- Paperback / softback, 160 pages, 243 mm x 156 mm
- 5 Sep 2017
- Trentham Books
‘If you are a white working-class boy you are less likely than anyone else in Britain to go to university’. So said Prime Minister May in her maiden speech.
Mary-Claire Travers traces the educational trajectories of a group of white working-class young men who have succeeded academically and who tell her eloquently about how and why they did so. The author’s positive research and insightful analysis makes for a unique contribution to the study of social mobility and social justice. She and her participants offer policymakers, education researchers and teacher educators vital evidence-based recommendations for tackling the long-standing issue of white working-class boys’ academic underachievement.

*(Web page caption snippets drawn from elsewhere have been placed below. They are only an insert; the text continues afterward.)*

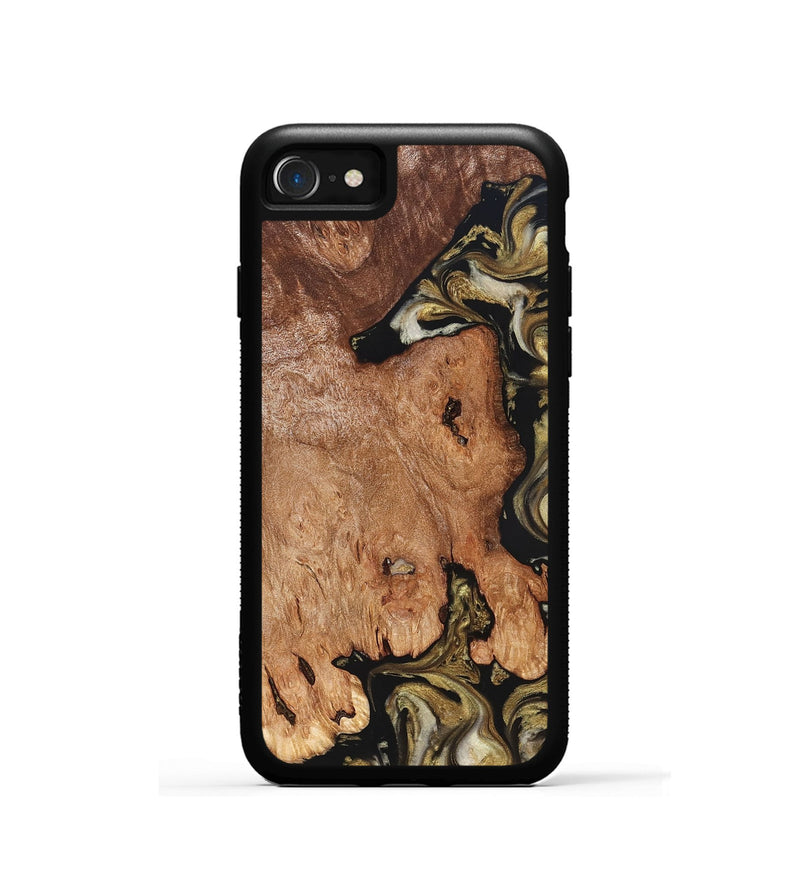 iPhone SE Wood Phone Case - Rhoda (Black & White, 824683)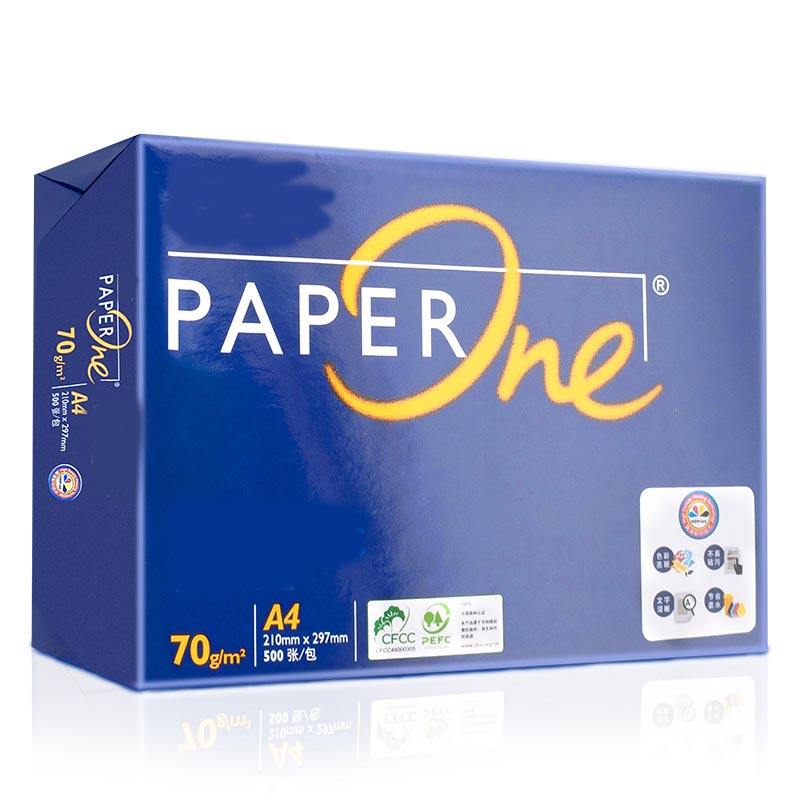 Высококачественная бумага One A4 Office 70GSM 75GSM 80GSM 500 листы/Ream печатная бумага офисная копировальная бумага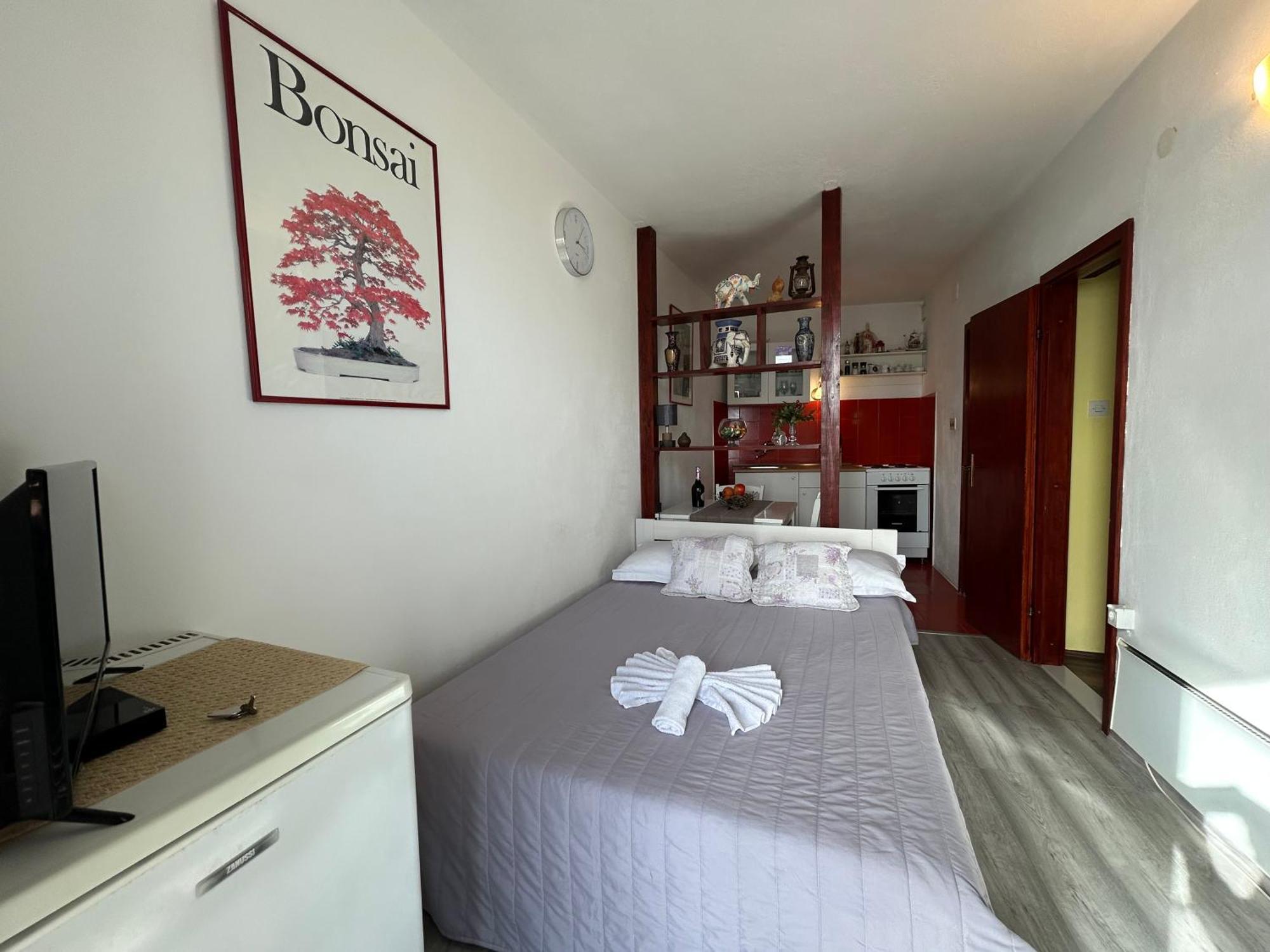 Seafront Studio Apartment+Balcony Podgora Exterior photo
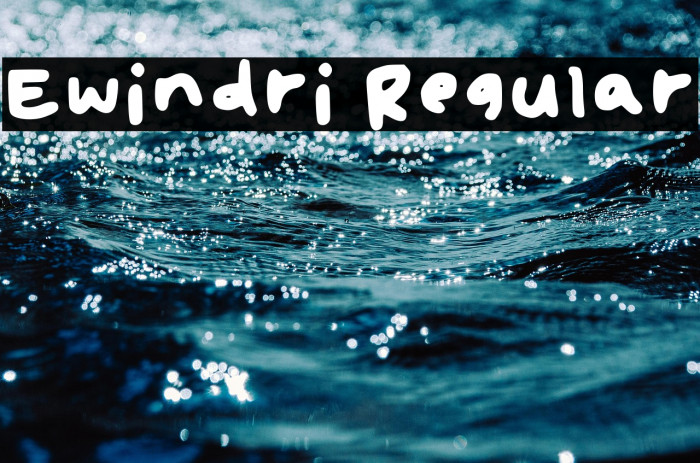 Ewindri Regular Example 1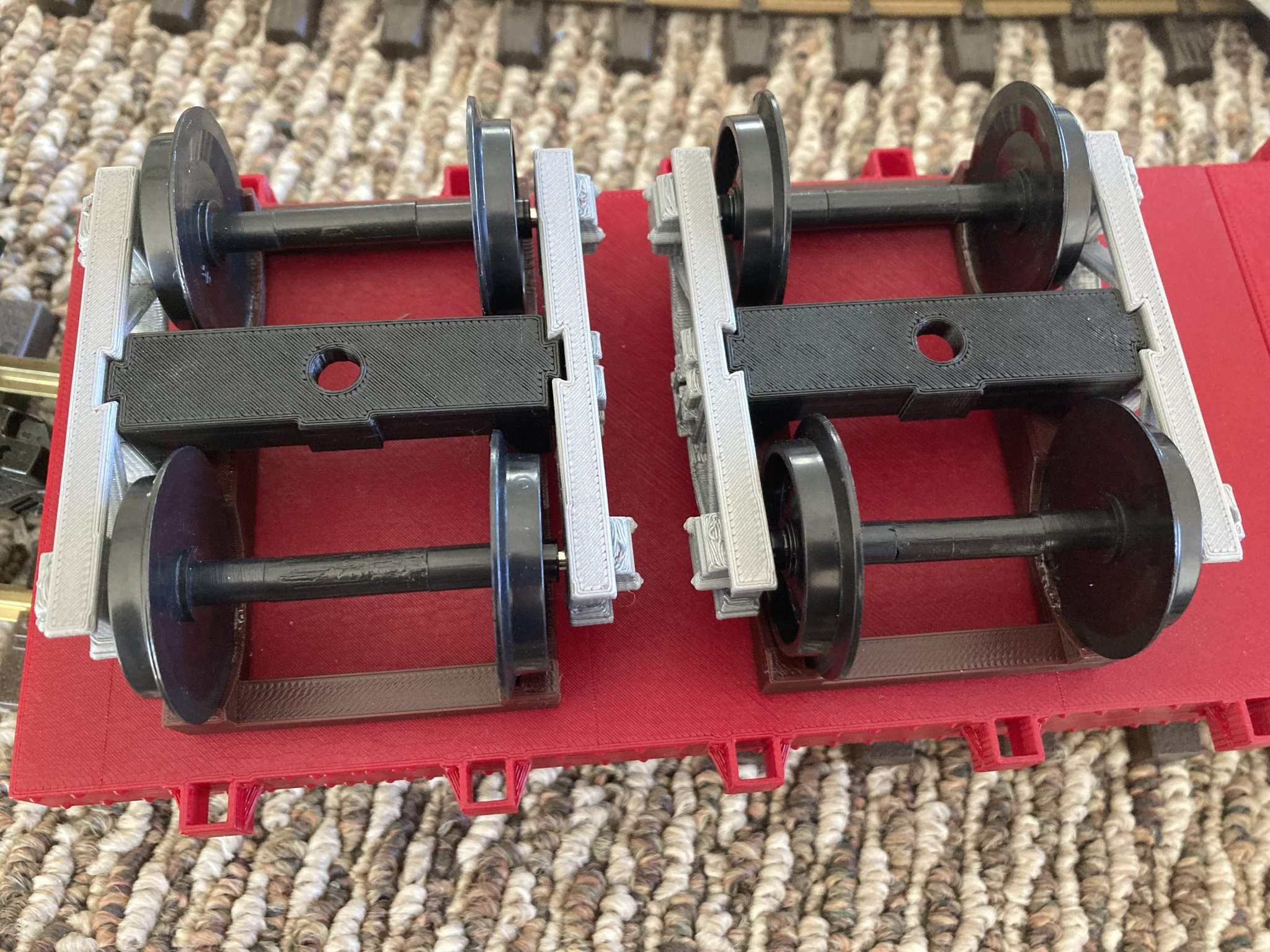 G-Scale 1:29 Dollie Cho Khung Xe Tải Kèm Bánh Xe Nhựa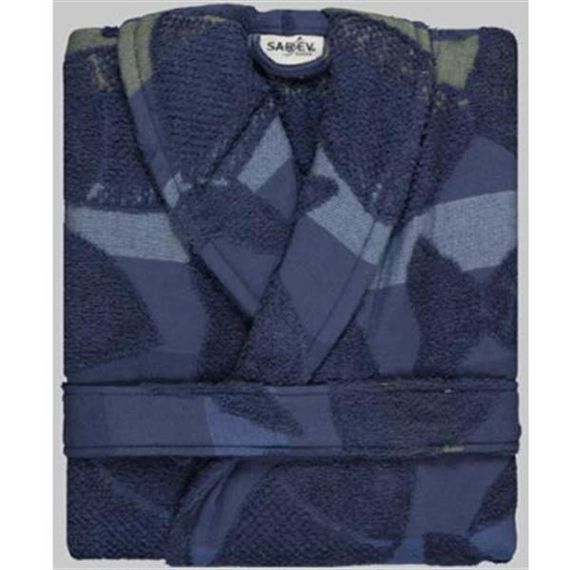 Халат Sarev Тек бірюзового кольору (M) - фото 2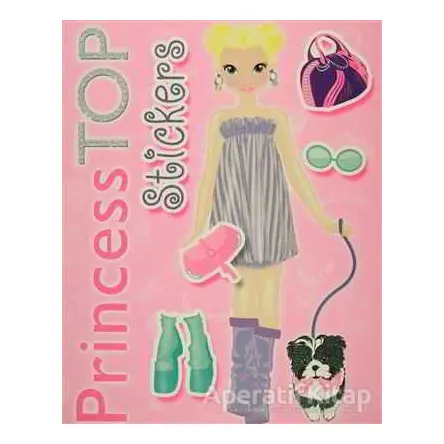 Princess Top Stickers (Pembe) - Kolektif - Çiçek Yayıncılık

Dr Mary-Claire Travers is an academic researcher at UCL Institute of Education.
CONTENTS: Foreword by Professor Meg Maguire; 1. An introduction; 2. Higher education for all?; 3. Early life and schooling; 4. Experiences at university; 5. A degree ... what now?; 6. Why white working-class males do not engage academically; 7. Conclusions: Drawing the study together; 8. Epilogue: Where are they now?; Afterword by Dr Bryan Cunningham
‘A truly fascinating study. It shows why and how individuals can make a difference, and why background is not everything. But it also should give universities pause, because how they treat students really matters - and not always in the ways that they assume.’
‘These fascinating interviews with 15 young men as they progress through their university experience suggest ways of resolving the age-old problem of under achievement by white working class boys. A must-read study.’